Ok, it got a little better at the end and I almost granted it two stars (which would be quite good, considering my high amount of nope-ing), but then, it's just too...nope.
One reason for my reaction could, of course, be, that I'm simply not that much into 13-year-old-girl-finds-true-love-novels anymore. I cannot deny that there still are some books of this kind I percieve as cute and enjoyable, but well, this one obviously not.
A major reason may be my general dislike for snarky first person narrators in YA novels. Mostly, they are annoying at best and punch-in-the-face-able at worst, but this girl tops everything.
I know, to describe her change into a better person she has to start kind of un-likeable, but this was just over the top.
Kacey hosts a tv progam at her middle school (do things like this exist? I live in Germany, so I'm basically a person from medieval ages)in which she reads out anonymus letters from other pupils who seek help in some way. Her support mostly consists of harsh insults and apparently the whole high school idolizes her for being a huge a-hole. Her other hobbies include being mean to her friends (under pretence of simply wanting to tell the truth, like real journalists do), being incredibly superficial and lying to either get boys to like her or date her friends (where is your journalistic truth now, Kacey?).
Firstly: I am aware of the fact that 12-year-olds are not the well-rounded, highly moral, modest and friendly human beings I would like them to be.
Secondly: If today's 12-year-olds really are like the characters in this book, I do not want to live on this planet anymore.
It was hard to believe that they are about 12/13 at all - at the beginning they seem more like the classic backstabbing, popular, I-describe-every-single-part-of-my-outfit-including-obscure-brand-names homecoming queens we all know (in my case only in fictional form), but then their age was mentioned and like the sensitive lady I am, I fainted.
After some pages which gave me the chance to build up an immense dislike towards Kacey, I could happily witness her tragic downfall:
She gets BRACES. [gasps]
AND GLASSES. [faints, again]
Yes, I know this does not make one happy; I had to endure both. But, breaking news: From the beginning on it is made clear that both of these terrifying instruments will only accompany her temporarily - she will need those freaking glasses for only four weeks or something like that, and still, this catastrophe destroys her whole life and hopes and future and what you will.
I'm sorry. I do not take the situation in all its horrible immensity seriously. I simply can't. Believe me, I've tried, but all the time I was silently screaming at the pages: "PULL YOURSELF TOGETHER AND CUT THE DRAMA."

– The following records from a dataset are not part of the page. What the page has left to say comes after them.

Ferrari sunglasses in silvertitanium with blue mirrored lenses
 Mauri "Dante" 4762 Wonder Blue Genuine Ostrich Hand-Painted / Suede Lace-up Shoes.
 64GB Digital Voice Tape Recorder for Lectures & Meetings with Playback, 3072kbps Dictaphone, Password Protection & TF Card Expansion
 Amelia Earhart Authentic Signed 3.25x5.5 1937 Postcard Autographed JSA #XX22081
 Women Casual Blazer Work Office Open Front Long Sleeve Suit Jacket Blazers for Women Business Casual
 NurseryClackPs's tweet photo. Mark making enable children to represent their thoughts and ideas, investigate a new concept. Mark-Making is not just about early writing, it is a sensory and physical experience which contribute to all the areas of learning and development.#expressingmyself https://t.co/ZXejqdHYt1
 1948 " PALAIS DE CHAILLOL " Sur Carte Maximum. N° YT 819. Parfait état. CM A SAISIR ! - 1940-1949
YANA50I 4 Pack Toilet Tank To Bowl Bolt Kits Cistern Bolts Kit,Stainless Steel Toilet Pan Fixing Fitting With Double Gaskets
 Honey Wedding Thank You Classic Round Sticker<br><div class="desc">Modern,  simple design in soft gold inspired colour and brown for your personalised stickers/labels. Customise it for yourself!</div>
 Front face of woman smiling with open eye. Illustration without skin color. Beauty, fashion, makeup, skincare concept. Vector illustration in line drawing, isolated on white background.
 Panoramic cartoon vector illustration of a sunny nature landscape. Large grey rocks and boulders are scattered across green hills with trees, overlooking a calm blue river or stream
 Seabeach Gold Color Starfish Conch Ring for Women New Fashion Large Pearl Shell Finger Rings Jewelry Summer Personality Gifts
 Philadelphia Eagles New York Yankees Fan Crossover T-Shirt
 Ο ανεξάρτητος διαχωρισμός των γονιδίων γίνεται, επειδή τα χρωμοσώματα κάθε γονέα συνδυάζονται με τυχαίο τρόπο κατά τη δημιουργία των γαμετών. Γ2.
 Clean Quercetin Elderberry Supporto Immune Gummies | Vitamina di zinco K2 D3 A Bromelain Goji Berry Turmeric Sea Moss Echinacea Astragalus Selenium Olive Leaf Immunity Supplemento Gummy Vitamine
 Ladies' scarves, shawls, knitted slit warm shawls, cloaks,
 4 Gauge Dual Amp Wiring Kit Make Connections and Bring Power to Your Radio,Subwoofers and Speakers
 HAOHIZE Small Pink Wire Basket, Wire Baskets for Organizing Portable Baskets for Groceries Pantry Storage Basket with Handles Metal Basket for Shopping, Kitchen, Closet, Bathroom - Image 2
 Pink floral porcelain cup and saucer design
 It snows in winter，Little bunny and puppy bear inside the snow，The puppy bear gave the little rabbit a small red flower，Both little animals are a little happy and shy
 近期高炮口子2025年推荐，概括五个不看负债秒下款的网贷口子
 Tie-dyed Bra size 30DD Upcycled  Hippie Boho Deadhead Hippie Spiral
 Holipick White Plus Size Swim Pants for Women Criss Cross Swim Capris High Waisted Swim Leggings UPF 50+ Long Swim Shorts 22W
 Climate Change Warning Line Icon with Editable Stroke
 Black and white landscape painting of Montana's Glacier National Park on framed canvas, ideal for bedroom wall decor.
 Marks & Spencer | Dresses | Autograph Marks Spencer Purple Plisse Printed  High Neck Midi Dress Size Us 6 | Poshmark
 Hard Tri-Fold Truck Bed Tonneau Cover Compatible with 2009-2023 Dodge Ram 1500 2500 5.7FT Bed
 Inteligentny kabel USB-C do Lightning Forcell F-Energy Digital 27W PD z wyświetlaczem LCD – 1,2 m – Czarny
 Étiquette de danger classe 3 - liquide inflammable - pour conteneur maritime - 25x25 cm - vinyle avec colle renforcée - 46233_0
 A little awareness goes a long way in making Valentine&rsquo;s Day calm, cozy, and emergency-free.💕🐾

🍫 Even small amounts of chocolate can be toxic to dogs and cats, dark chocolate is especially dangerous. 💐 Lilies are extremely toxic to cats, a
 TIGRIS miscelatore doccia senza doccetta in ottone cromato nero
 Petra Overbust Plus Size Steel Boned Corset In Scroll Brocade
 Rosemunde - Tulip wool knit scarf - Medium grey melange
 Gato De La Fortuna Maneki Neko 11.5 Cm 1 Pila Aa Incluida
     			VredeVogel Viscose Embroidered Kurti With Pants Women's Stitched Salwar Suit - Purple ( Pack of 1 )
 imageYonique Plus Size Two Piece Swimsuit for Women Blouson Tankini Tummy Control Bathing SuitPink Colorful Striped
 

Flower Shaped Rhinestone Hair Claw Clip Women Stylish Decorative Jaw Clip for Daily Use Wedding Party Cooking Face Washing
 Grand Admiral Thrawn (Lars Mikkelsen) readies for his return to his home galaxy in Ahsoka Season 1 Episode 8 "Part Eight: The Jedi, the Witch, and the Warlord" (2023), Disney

The bigger part of the book consists of the blahblah we all know: the freakish braces-and-glasses-monster has to live outside of civilized society and befriend nerd boys with skinny jeans. The horror!
This life-changing experiences lead to her becoming a better person and finding the love of her life. Standard.
But it is not so much the plot I criticize, really, but the characters. It's a comedy book, and therefore a certain degree of exagerration is excuseable, but really?
Maybe this was just the final sign that I should stop reading young adult literature, which would be kind of sad, to be honest.
Anyway: How to Rock Braces and Glasses is nothing I would recommend to anyone ever. Stories like this can be found in countless other books, and in most of them the main character is not that utterly dislikeable.
The hints that her behaviour could be a result of her father leaving the family could have been a good idea, but seemed half-hearted and unconvincing to me. That's really a pity, I was hoping that at one point the book would be able to evoke a bit of empathy inside me.
I'm sorry. This review might be quite rude, and this even is the polite version. In my head it contained certainly more swear words.
I am happy for people who really enjoyed the book, but, to be honest, I do not understand.